Generous intake of processed meats, such as spam, may increase the risk of diabetes among American Indians.

This study evaluated the correlation between processed and unprocessed red meat intake and diabetes risk among American Indians. Using block food frequency questionnaires, researchers assessed the rate of consumption of unprocessed and processed red meat, such as spam, of a cohort of American Indians with no previous history of diabetes and cardiovascular diseases recruited from the Strong Heart Family Study. The diabetes odds ratio of each participant in this study was also determined.

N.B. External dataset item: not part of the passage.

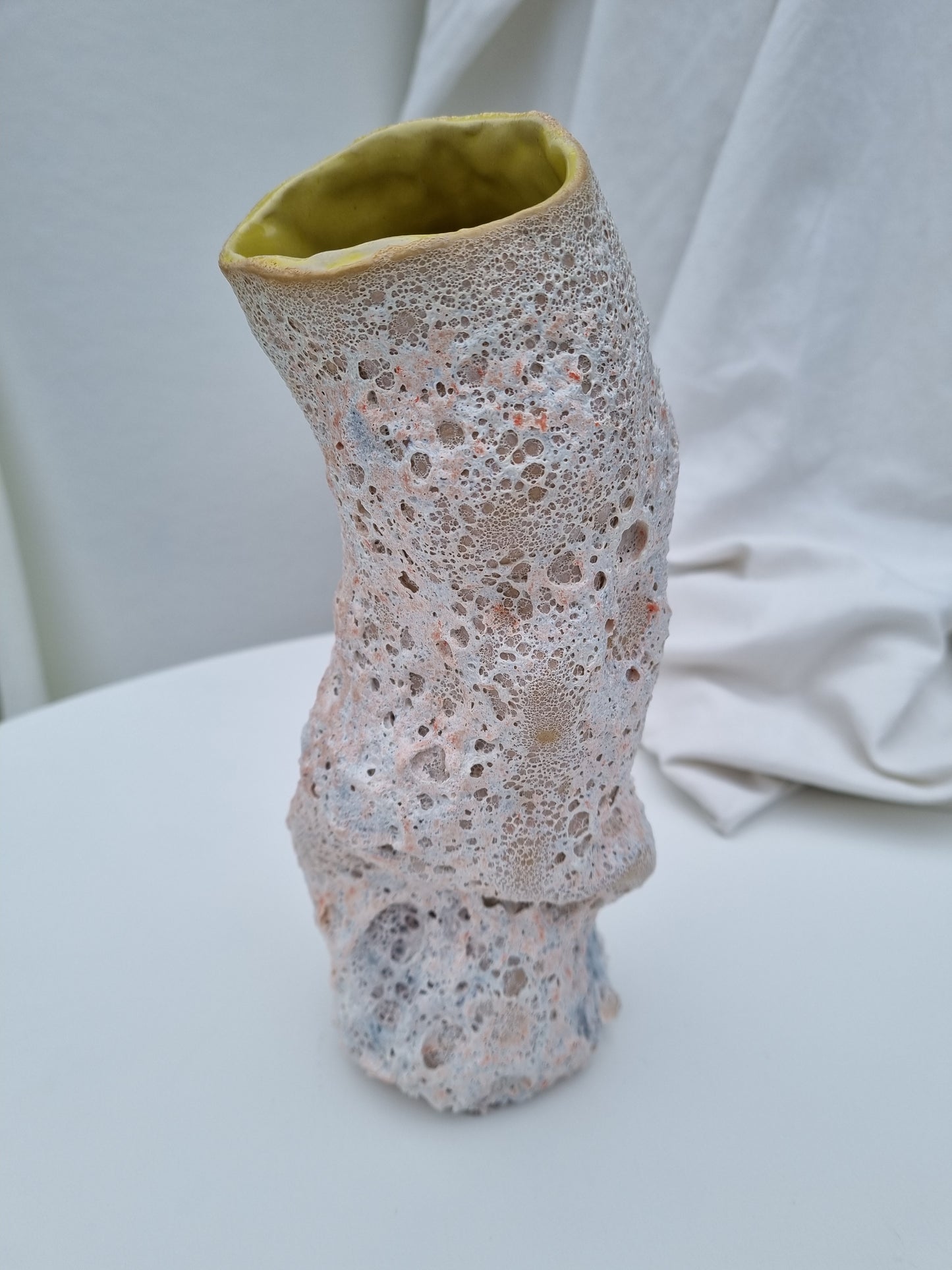 Skæv skum vase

Researchers observed a higher incidence of diabetes among subjects who regularly consumed large amounts of processed meats, particularly spam. In contrast, high intake of unprocessed red meat was found to have little or no effect on diabetes risk. The results of this study show that American Indians who are frequent consumers of processed meats are more likely to develop diabetes than those who rarely or do not eat processed meat products.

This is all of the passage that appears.